Borophagus Metropolis said:


> _"...I could also sing, but that doesn't always work so well."_


If anyone really is needing to have lyrics to accompany musical stuff, but don't find that they got a good singing voice, I advise trying trying to almost sing like you're _talking_, but at least somewhat in the _groove_ of what you're putting vocals to - almost like a semi-melodic rap, - and not trying to force ya' voice into a higher or lower register than feels natural.

When trying to use vocals to go with more electronic stuff, mixing and blending the live vocals with the more rigid electronics is probably much more important than actually being able to do traditionally super-melodic vocals.



Yazoht said:


> "...Better than Audacity for a beginner composer."


As someone who has used Audacity as my main DAW the whole time I've been doing music, if you're talking about electronic-based music styles, this as absolutely true, especially since there's no built-in quantization thing or non-brute-force way to assemble melodies and rhythms of your own to my knowledge.

However, if working with more tactile instruments, and not worrying about quantization and stuff, it works well enough for recording stuff real easily, maybe overdubbing some stuff, etc.
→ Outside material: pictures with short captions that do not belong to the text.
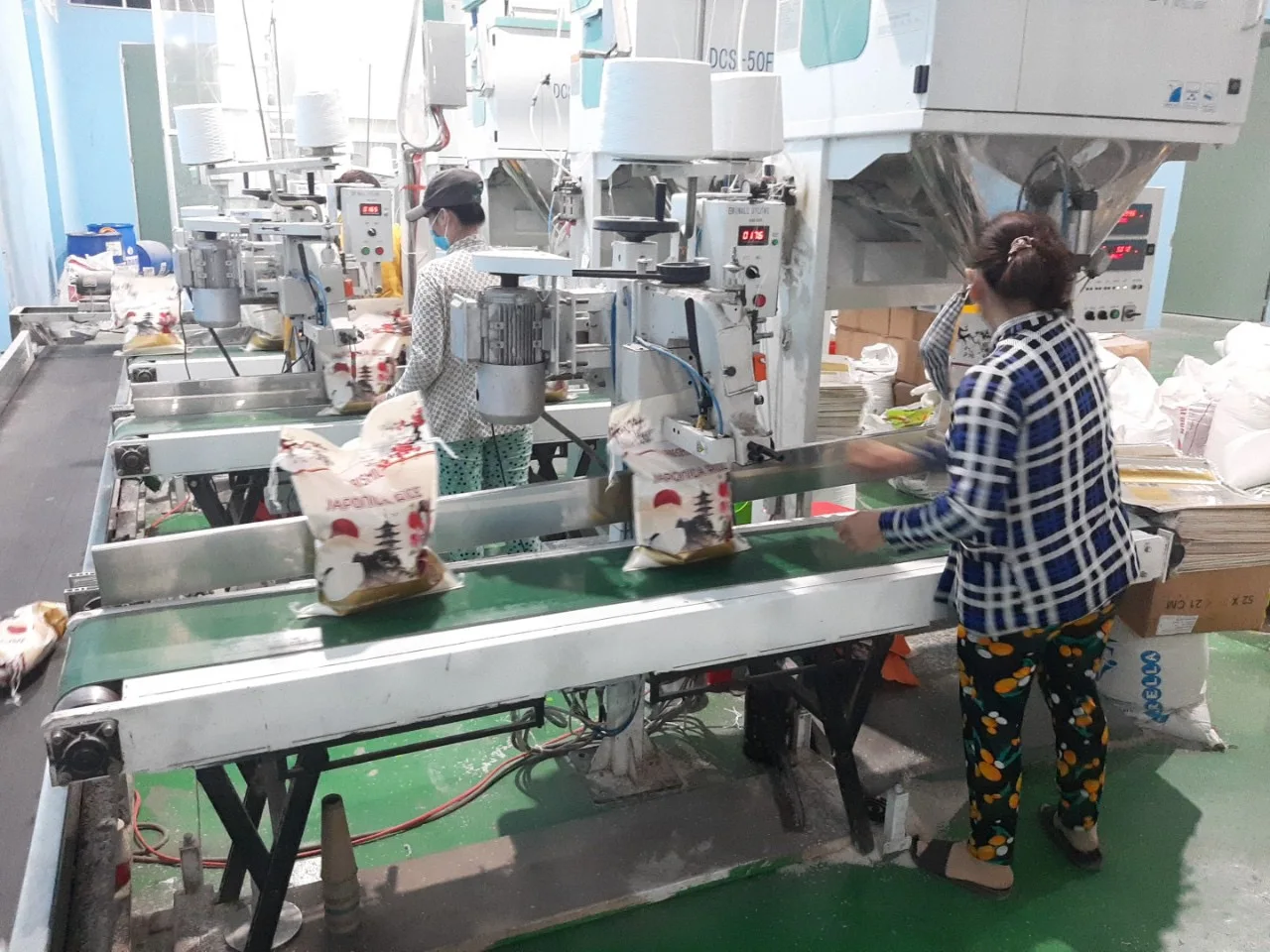 Japonica Rice Sushi Rice Japanese Rice In Vietnam Wholesale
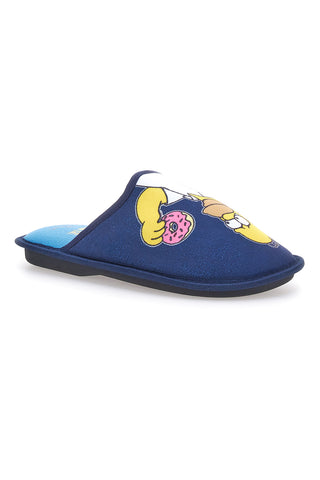 Simpson 8410 Blaue Hausschuhe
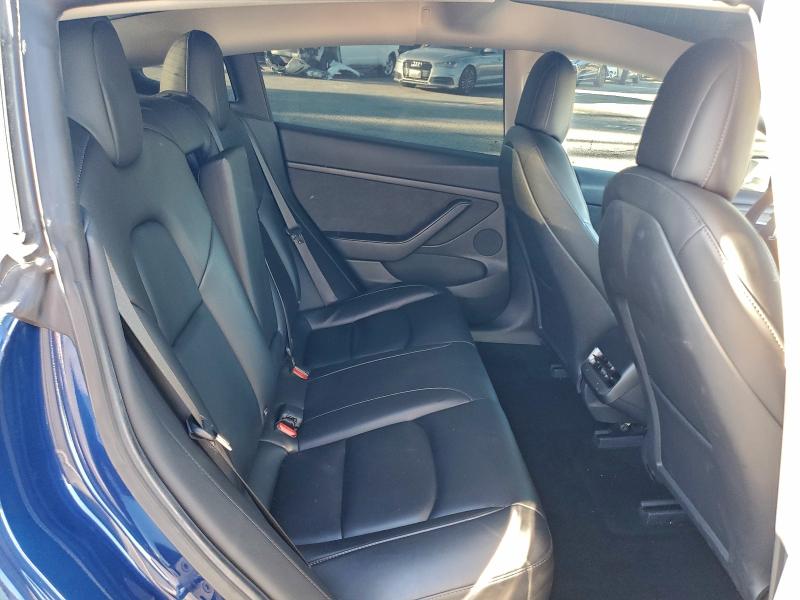 Photo 10 from auction – 2021 TESLA MODEL 3 with VIN 5YJ3E1EA0MF067842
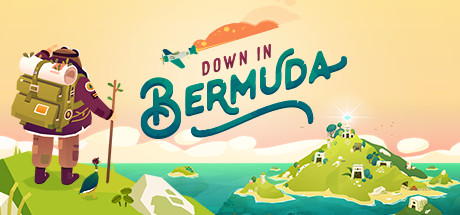 Игра Down in Bermuda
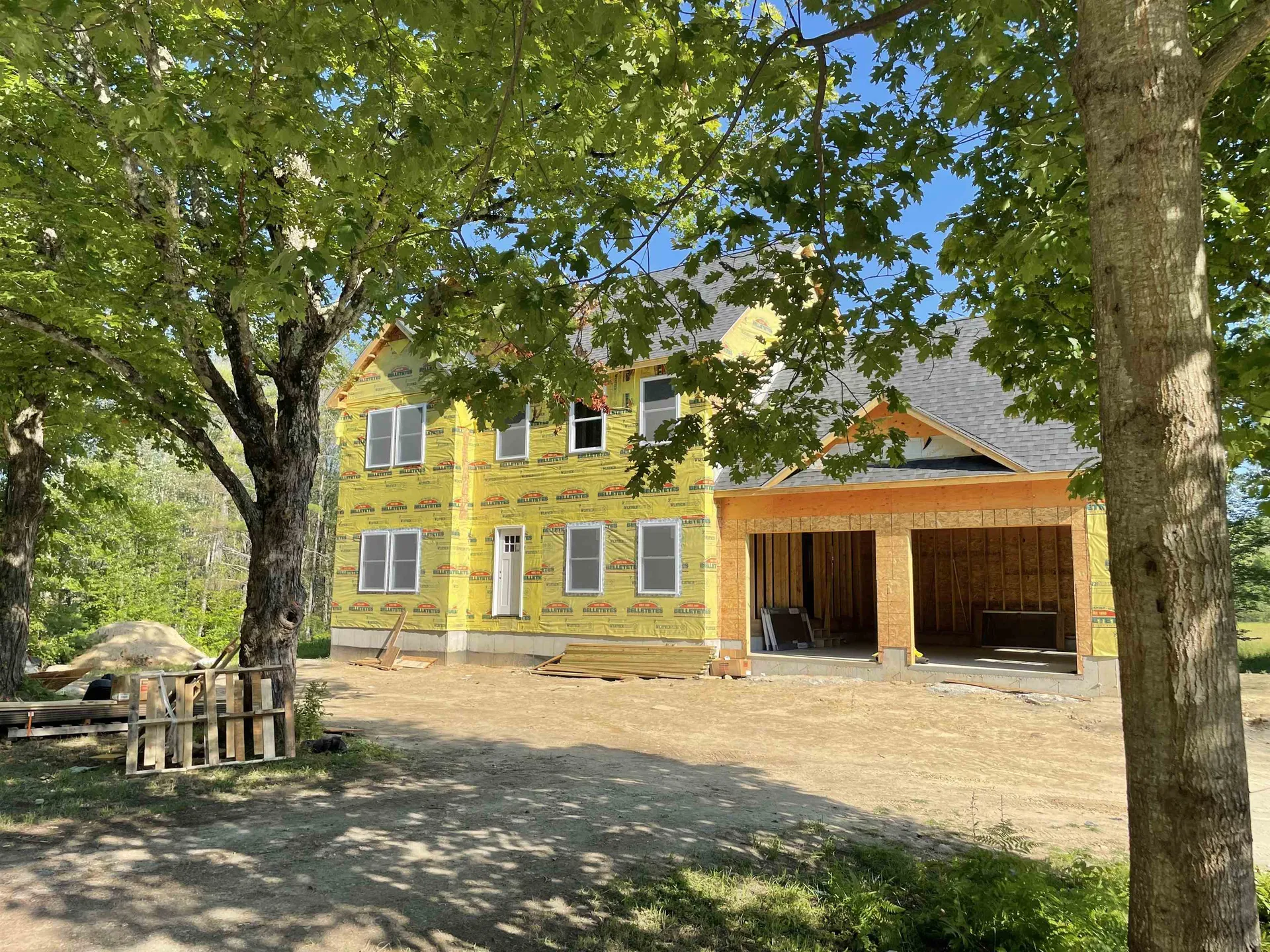 641 Old Hillsboro Road Henniker NH 03242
It's definitely not designed as something to be used as almost an instrument init of itself like Fruityloops or Garage Band might be, though.

--

Again, as much as I keep saying that, _"ya' just gotta' put confidence into it/"sell" it well,"_ that's more about being confident with what ya' got, but if you get legitimate advice from other folks, just make sure to not be ignant about it, and take lil' tips into consideration and so on, and it'll help ya' grow in most cases.

Anyways, I'ma stop rn before I keep on ramblin' on. 'Hope this helps, though this ain't barely scratching the surface of music stuff, obviously.


----------



## justenoughlight (Jun 22, 2022)

I use BandLab! It’s really easy to get the hang of and it’s totally free!


----------



## Starbeak (Jun 23, 2022)

I haven't make anything since 2015 but I used Soundengine (Now defunct), Cakewalk, Audacity and various soundeffect websites.

I got Cakewalk on Steam when it was on sale for 10 smackers. It did go free for awhile in early 2020s. 

Music Maker was also good.

I forgot what else I used, but I blended most of them together to make some garbage lol.

Oh, what others suggested too... I recommend starting out on instruments. Instruments that you can plug into your computer for editing would be most beneficial.

I have no idea how to do any of that but I am sure that is what most do, if not using some multi-million dollar professional recording studio. 

Oops went on a bit of a tangent. ^v^''


----------